Failing to deal with the more complex and less enticing notion of embedding sustainability within a business amounts to nothing more than a charade. Yet embedding sustainability is more than just a process of backing up a good image. It’s about:
- Building systems and responses that support business interests in the long term;
- Making the business more robust to shifts in the external environment and more resilient to unanticipated and sometimes unreasonable demands of diverse stakeholder interests; and
- Developing a consistent response to issues of importance across the operations of the business.
The sustainability function forces the business to consider a range of issues that may affect its interface with societal stakeholders and, by extension, its own wellbeing. The perspective that this offers enhances the ability to anticipate change and to prepare accordingly.
Repeating good business benefits
This is no more than good business practice. But to reap the benefits of this foresight and proactive planning, the responsibility for action needs to be devolved to managers who are designated to make the decisions and implement the necessary actions and processes. Embedding sustainability requires driving a high-level sustainability strategy down into and across the business.
Sustainability relates to the whole business, pervading all business functions, from HR to production, and all levels of employment, from the CEO to the office assistant.
In the same way that every person employed has a role to play in supporting the profit motive of the business, so too should each employee support the business in its endeavour to act responsibly and sustainably.
The role of employees
Executive and senior management figures engage with strategy and policy matters surrounding sustainability and set the standard for appropriate (ethical and responsible) behaviour in their organisation.
Less senior employees are responsible for monitoring, regulating and improving their behaviour according to the organisational standards that have been set.
But no matter how significant or minor the role is, every individual is affected some way or other.
Anticompetitive behaviour, breaches of corporate governance or excessive risk taking is often perpetrated by just a few individuals within companies that employ thousands.
The cost of bad business
Yet the cost of bad and invariably unethical decisions can amount to billions. In certain cases, large and established businesses have not survived the ensuing scandal and financial fall-out.
These exceptional examples alone justify the need for a value system or way of doing business that is morally acceptable and widely adopted.
At a more mundane level, businesses are confronted with the way the business interfaces with staff, customers, suppliers and the like. So once the appropriate course of action is decided upon, all individuals affected by that decision should respond accordingly.
Start by determining what sustainability means to the business. To achieve this, define the ‘material issues’ that are to be managed and reported on. ‘Material’ implies that the way the issue is managed has a significant impact on the business, now or in the future.
Issues that don’t or are unlikely to have any real impact on sustainability should be de-emphasised. All too often the readers of sustainability reports are confronted by a plethora of data that has not been structured or prioritised properly.

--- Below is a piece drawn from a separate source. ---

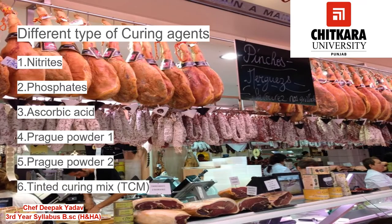The first question which comes to mind when starting to make charcuterie products is what type of curing agents are available in the market. There are different types of curing agents available: nitrates or nitrites, phosphates, ascorbic acid, Prague Powder One, Prague Powder Two, and Tinted Curing Mix TCM. In further in this video, we will get to know about these curing agents.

The good news is that businesses already address many sustainability issues, which more often than not are of material importance to the business. Training programmes, employment equity and HIV/Aids initiatives are frequently well established, particularly within large companies.
By undertaking an analysis of what is being done and where gaps exist, a better sense is obtained of where and how the sustainability journey should start.
The sensible approach is to focus the sustainability effort, at least initially, on divisions and business partners where influence and risk are greatest.
Companies with high-profile brands are vulnerable to being exposed by the poor practices of their partners, particularly when these partners are linked to the company brand.
It’s therefore in the interest of the business to ensure that partner practices conform to accepted standards.
From the top down
To address a range of issues affecting the entire organisation, direction from the company leadership is needed.
The ultimate responsibility for sustainability must therefore lie with executives who understand the costs versus benefits associated with committing the business to a programme of action.
The role of senior executives is to provide a clear vision and to prioritise what sustainability initiatives or issues are to be dealt with, at what level and over what period of time.
Effectively, senior executives must provide a mandate for each aspect of sustainability that is to be adopted by the company.
Every company should choose those issues that are most relevant to the business and well-entrenched communication methods to get the message across.
Ultimately, if the business shows itself to be aligned with the fast-growing interest in societal good, employees will feel better about working for a company where their personal values do not have to be left at the door as they enter the building for work each day.